Invited to reimagine the spaces of Prada Rong Zhai in an unprecedented way, Theaster Gates shows his ceramics body of work and reveals the link that exists between this activity as a ceramist and those as a visual artist, a performer, a professor, a urban planner and a community activist. For China Cabinet, Gates conceived a three-chapter story that unfolds in the rooms on the building’s first floor. Over the course of this narrative, the setting changes and the artist’s role evolves from guest to ghost to host.
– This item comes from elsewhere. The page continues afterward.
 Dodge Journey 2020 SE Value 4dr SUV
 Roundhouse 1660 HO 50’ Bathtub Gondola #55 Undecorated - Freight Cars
In the first chapter, the artist as a guest presents the themes underlying his work in six showcases wherein visitors can trace the elements that characterize his practice: the reuse of materials and architectural construction techniques, his references to craftsmanship and spirituality, his employment of the stereotypical imagery imposed on the African-American community, the use of symbols from the civil rights movement, and the presence of archival material such as magazines, books, music, and films that constitute Gates’ universe.
The second phase of the show invokes the artist as an interlocutor. Here, Gates reveals the complexity of his relationship to ceramics —which comprises both intellectual and tactile aspects—in a site-specific installation divided into two parts. The first is a precise and clean presentation of his works distributed throughout the space as if they were in an antique Chinese porcelain boutique. The second part is a reconstruction of his potter’s workshop presenting many plates, cups, bowls, vases, and other utilitarian ceramics alongside artworks made using similar techniques.
The story culminates with the artist’s complete occupation of Prada Rong Zhai with artworks displayed as they would be in a private home. In the end, the artist has transformed from a visitor into a generous host desiring to share the comfort and beauty of his carefully appointed residence with his guests.